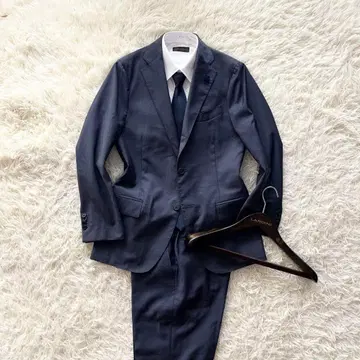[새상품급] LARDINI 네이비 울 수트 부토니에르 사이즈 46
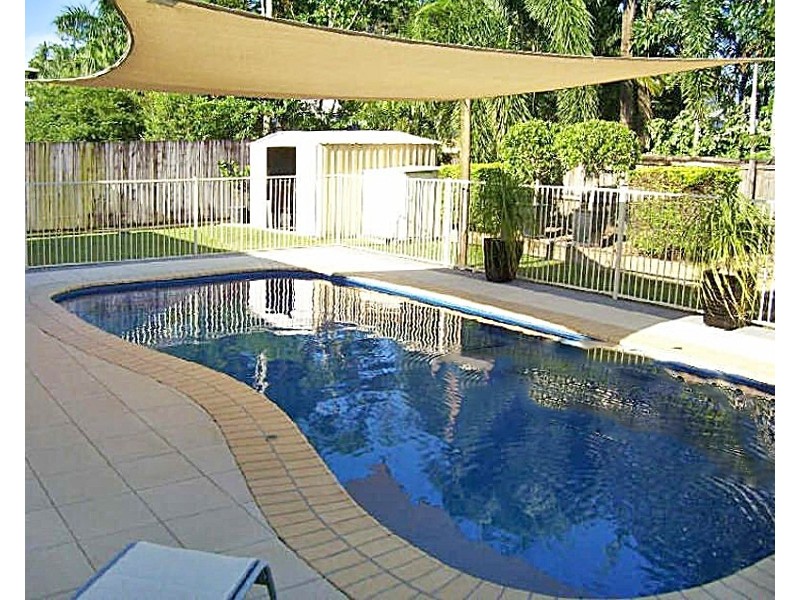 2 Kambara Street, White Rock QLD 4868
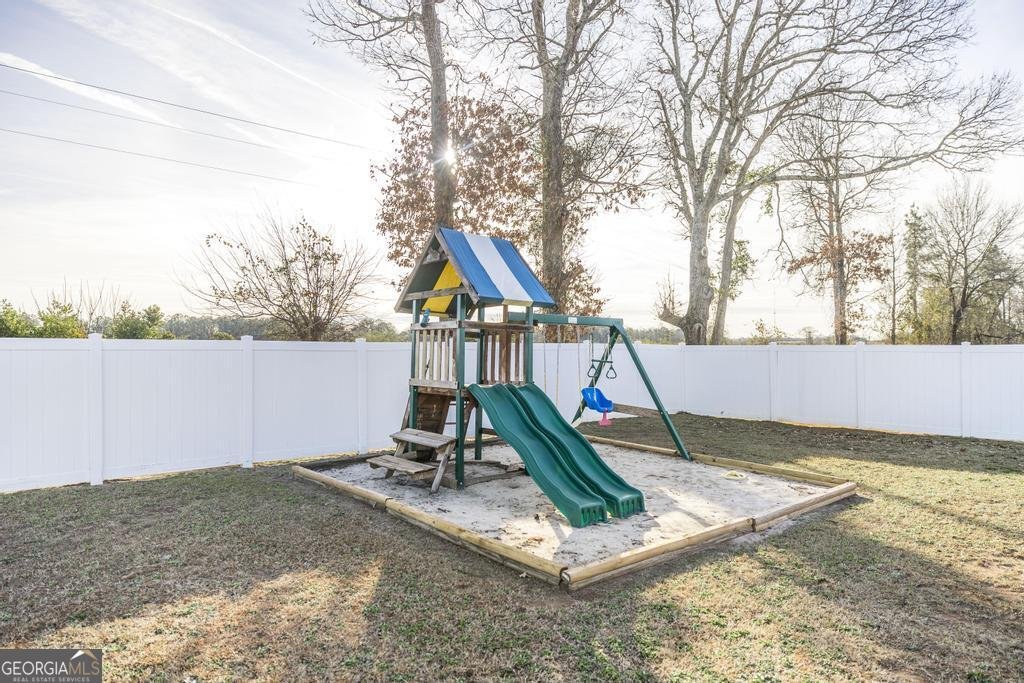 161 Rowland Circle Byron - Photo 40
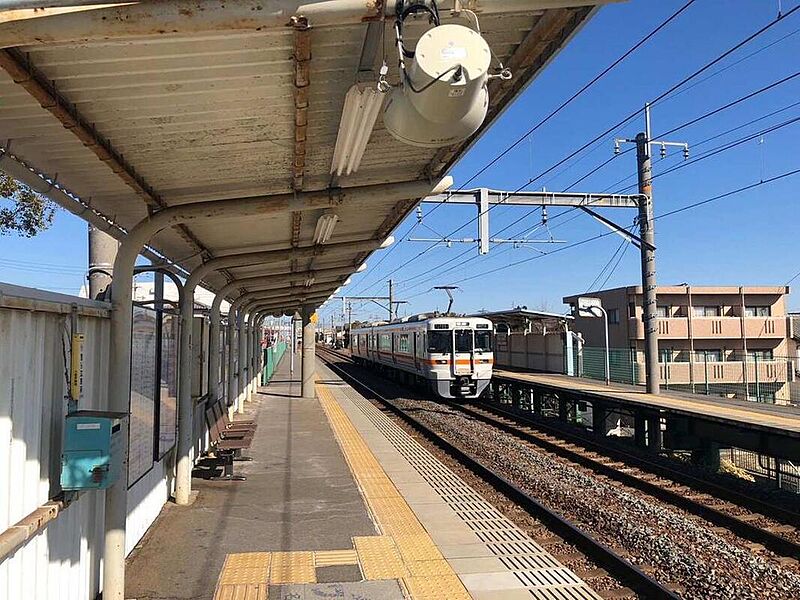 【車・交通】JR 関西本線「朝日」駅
————————
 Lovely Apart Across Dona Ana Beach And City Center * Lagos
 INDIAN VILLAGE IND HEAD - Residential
————————
▸ DIRECTIONS
Please copy the lines in the records above between the one holding "Lovely Apart Across" and the one holding "INDIAN VILLAGE IND HEAD - Residential", inclusive, exactly and with no other line.

▸ REPLY
 Lovely Apart Across Dona Ana Beach And City Center * Lagos
 INDIAN VILLAGE IND HEAD - Residential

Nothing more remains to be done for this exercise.